- WHAT THE TASK REQUIRES:
Could you output the entries that follow exactly, omitting any pictures they contain?
THE DATA below:
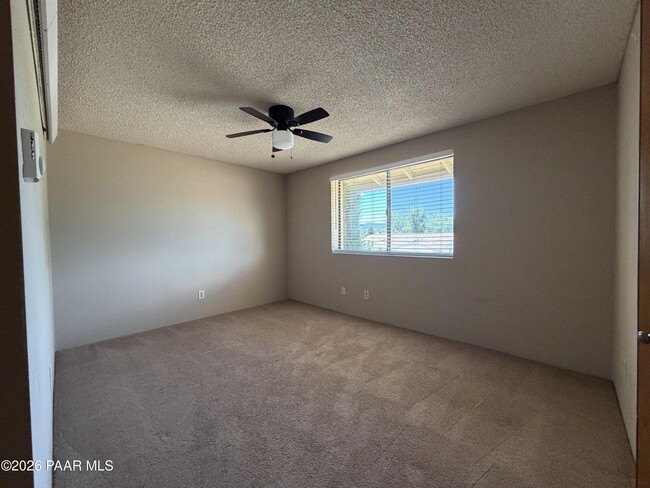 Building Photo - 927 N Old Chisholm Trail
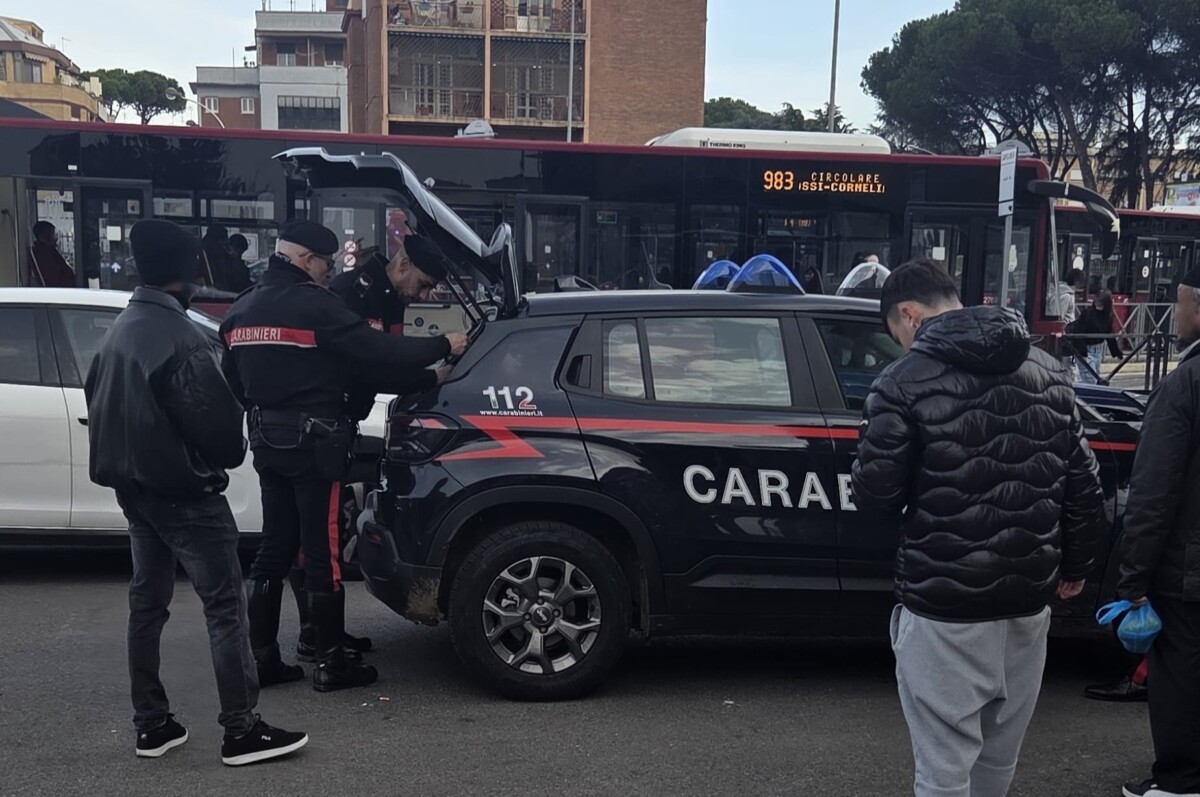 SAN PIETRO – Controlli dei Carabinieri a Cornelia (6) SAN PIETRO - Controlli dei Carabinieri a Cornelia (1)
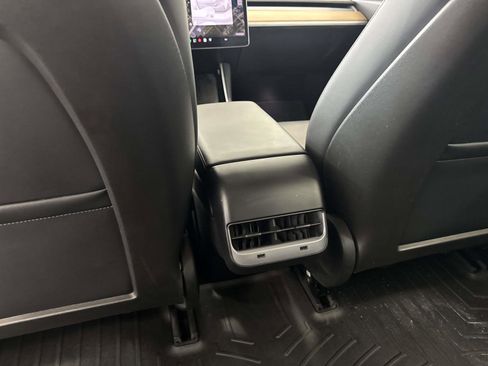 Used 2018 Tesla Model 3 Long Range RWD image 16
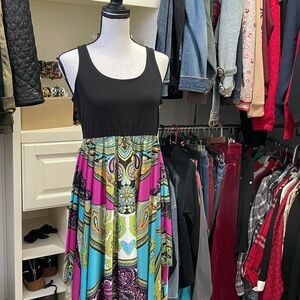 Beautiful print floral multicolor Dress w/black sleeveless top.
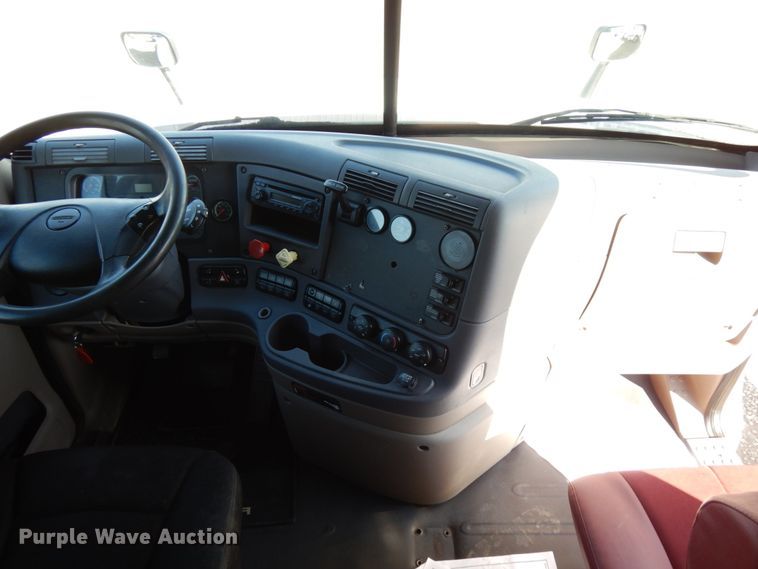 image for item DJ5802 2012 Freightliner Cascadia 125  semi truck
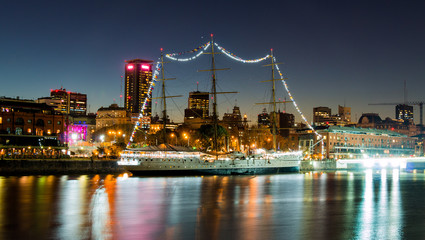 Wall Mural - Puerto Madero, Buenos Aires Argentinien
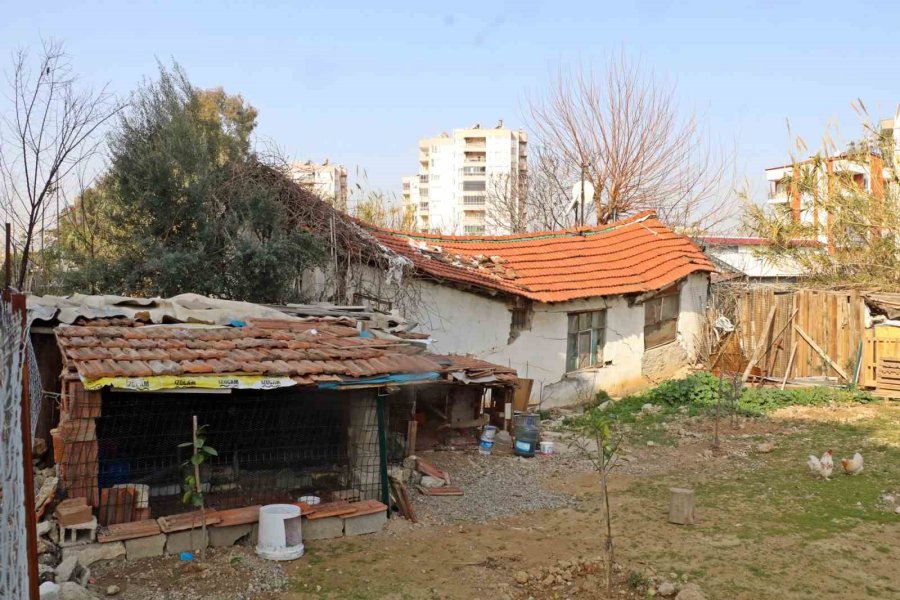 Antalya’da Eğik Evlerde Diken Üstünde Yaşam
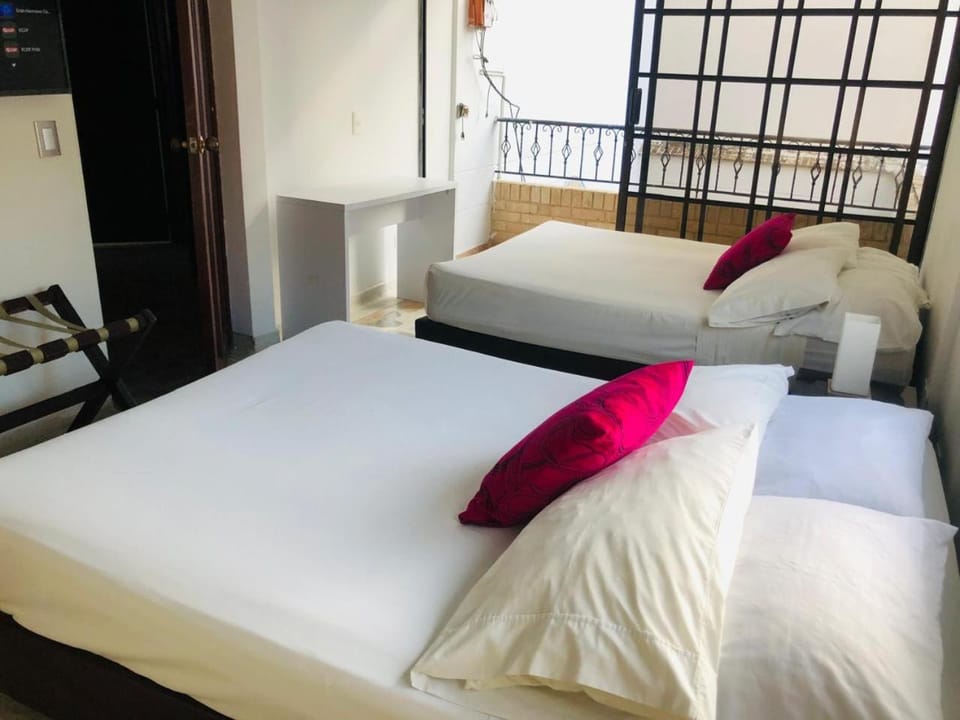 Casa Jardin del Lago Bed and Breakfast in Cali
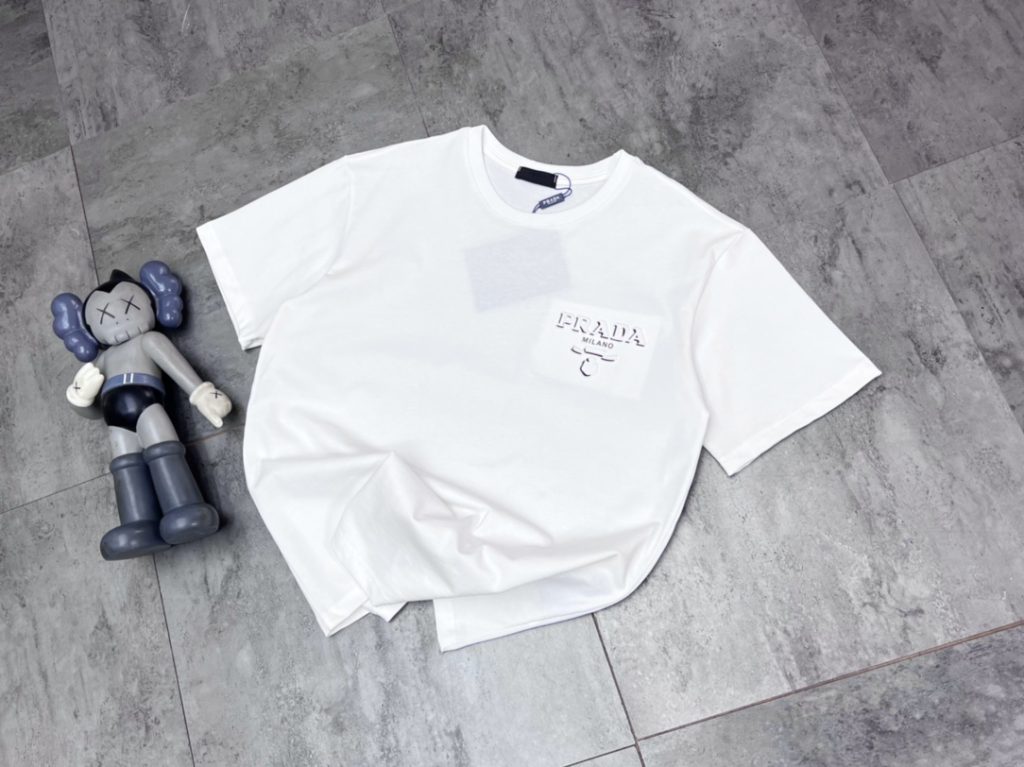 PRADA(プラダ) コピー 激安販売 プリントロゴカジュアル半袖Tシャツ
End of THE DATA.
- EXERCISE RESULT:
 Building Photo - 927 N Old Chisholm Trail
 SAN PIETRO – Controlli dei Carabinieri a Cornelia (6) SAN PIETRO - Controlli dei Carabinieri a Cornelia (1)
 Used 2018 Tesla Model 3 Long Range RWD image 16
 Beautiful print floral multicolor Dress w/black sleeveless top.
 image for item DJ5802 2012 Freightliner Cascadia 125  semi truck
 Wall Mural - Puerto Madero, Buenos Aires Argentinien
 Antalya’da Eğik Evlerde Diken Üstünde Yaşam
 Casa Jardin del Lago Bed and Breakfast in Cali
 PRADA(プラダ) コピー 激安販売 プリントロゴカジュアル半袖Tシャツ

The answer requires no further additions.